Just FYI on keystones: A keystone is the architectural piece at the crown of a vault or arch and marks its apex, locking the other pieces into position. Although a keystone is important, it serves primarily an aesthetic purpose. Some say that a keystone is not as important structurally as the voussoirs, since the removal of any of the voussoirs would cause the arch to collapse but this is not necessarily true of the keystone. A keystone is not the main load-bearer in an arch. The stresses are greatest at the bottom and least at the top. The forces along the center line are horizontal, so an arch can work perfectly well with an even number of voussoirs, and no keystone at all!
Joseph Smith's statement that the Book of Mormon is the keystone of our religion is no more than a figurative and not strictly legitimate use of the term to suggest that the book is the central supporting element of the larger structure of the Church.

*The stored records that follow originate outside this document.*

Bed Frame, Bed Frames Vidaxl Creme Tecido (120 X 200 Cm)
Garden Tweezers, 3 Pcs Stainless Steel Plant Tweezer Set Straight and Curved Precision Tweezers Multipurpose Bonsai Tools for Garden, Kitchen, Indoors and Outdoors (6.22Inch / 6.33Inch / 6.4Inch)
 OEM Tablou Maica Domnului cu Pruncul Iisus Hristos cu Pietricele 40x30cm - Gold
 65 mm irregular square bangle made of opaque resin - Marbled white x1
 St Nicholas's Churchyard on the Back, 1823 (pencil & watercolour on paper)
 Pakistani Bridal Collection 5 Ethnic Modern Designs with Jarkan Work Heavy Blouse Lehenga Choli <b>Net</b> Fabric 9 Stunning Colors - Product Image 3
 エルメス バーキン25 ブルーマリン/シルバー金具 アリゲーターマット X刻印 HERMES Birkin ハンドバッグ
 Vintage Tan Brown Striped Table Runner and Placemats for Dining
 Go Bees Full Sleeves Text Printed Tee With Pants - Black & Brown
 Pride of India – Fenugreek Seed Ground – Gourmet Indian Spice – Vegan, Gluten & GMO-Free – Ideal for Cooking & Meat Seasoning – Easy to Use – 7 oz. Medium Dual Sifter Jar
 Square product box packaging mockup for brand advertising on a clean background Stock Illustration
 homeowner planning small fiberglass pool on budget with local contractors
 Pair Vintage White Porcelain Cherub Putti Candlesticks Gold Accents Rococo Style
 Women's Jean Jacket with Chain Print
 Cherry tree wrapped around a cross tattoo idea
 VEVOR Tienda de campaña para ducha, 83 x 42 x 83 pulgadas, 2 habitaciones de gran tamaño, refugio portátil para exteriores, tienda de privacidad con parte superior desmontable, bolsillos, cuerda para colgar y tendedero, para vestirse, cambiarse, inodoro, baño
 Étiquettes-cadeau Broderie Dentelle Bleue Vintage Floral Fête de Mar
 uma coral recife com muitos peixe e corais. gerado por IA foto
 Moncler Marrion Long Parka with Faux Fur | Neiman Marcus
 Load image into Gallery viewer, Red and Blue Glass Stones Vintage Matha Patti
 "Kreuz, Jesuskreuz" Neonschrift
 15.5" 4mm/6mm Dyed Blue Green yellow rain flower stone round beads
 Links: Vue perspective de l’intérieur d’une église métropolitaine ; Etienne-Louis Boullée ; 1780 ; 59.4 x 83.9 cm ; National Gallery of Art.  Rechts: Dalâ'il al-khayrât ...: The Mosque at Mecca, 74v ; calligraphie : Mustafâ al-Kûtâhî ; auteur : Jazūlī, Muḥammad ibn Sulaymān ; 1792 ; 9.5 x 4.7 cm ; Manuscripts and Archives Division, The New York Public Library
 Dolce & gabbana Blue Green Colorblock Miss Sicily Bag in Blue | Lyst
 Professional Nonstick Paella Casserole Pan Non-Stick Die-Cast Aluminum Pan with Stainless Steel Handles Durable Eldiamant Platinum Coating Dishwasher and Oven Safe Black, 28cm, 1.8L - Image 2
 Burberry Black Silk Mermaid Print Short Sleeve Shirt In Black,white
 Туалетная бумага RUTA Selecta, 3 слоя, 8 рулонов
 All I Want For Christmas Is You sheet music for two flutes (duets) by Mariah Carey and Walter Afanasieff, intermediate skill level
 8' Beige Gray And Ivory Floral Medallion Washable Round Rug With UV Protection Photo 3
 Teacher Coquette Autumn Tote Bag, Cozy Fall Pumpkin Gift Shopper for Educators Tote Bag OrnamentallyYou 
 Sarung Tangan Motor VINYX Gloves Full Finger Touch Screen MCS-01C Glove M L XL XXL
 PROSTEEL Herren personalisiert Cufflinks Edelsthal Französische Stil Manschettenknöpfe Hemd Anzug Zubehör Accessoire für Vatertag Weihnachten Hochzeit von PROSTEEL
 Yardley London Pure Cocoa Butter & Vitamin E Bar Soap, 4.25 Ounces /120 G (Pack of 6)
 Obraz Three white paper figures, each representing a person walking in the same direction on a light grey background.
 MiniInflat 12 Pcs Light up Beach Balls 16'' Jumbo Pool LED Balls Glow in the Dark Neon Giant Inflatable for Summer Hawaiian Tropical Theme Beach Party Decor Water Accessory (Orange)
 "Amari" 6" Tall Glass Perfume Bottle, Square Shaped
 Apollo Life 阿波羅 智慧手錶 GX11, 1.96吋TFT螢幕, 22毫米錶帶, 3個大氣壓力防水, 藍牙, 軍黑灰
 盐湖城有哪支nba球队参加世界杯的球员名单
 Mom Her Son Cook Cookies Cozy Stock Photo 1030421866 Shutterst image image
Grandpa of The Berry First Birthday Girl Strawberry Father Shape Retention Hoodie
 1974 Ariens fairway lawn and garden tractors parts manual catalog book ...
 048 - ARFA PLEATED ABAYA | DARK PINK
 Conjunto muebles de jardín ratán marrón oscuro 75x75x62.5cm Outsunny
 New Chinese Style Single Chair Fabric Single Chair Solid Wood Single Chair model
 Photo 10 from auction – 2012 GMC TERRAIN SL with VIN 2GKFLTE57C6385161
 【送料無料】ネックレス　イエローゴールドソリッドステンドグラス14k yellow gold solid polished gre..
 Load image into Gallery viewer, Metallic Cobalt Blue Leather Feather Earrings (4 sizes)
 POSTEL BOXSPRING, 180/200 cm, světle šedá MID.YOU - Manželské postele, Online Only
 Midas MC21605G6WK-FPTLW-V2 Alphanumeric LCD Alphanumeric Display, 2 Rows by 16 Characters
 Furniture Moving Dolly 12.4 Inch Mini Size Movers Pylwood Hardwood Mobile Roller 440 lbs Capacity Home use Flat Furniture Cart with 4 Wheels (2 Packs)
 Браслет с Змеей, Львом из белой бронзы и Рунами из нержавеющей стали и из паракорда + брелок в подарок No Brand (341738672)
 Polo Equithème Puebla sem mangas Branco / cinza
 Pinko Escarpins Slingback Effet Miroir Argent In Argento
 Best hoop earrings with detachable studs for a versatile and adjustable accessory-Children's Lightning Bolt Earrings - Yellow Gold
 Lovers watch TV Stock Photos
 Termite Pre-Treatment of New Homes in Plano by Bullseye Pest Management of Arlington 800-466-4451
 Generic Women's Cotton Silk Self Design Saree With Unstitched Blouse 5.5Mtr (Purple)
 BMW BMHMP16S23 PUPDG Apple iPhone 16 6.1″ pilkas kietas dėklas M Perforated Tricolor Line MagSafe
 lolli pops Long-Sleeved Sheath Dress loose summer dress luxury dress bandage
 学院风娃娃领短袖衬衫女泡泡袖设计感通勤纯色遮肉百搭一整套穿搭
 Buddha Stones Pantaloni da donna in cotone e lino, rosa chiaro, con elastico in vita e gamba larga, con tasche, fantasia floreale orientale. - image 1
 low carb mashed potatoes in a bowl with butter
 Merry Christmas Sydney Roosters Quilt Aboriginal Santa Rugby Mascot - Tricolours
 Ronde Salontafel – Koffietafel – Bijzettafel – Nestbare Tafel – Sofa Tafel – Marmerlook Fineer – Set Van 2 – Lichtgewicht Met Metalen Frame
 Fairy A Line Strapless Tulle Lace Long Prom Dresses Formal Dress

In our lessons we are stretching the metaphor to the point of being grossly inaccurate. (Besides that, I like to think of Christ as the central element.)
Now I wouldn't have any problem if a qualified architect or mason came to SS prepared to discuss the intricacies of archwork and new applications we could bring to the metaphor. For example, here's an interesting definition:
The keystone is the block without which the structure is not whole; it receives and joins forces of upwardly-reaching members of an arch and creates a structure that soars with lightness yet with solid integrity and strength. The integrative strength of the keystone is a natural one that does not depend for its function on massiveness but rather works because everything falls into place around it and is strengthened and brought together by it, making all the components work together. A keystone is synergistic, yielding a structure that is stronger than the individual parts would be if they were merely stacked together, one on top of the other. It exists to unite structural elements.
But I think I'd rather just drop the overemphasis on this old chestnut. There are more fascinating things in this lesson to discuss. Tomorrow I will blog about one of them.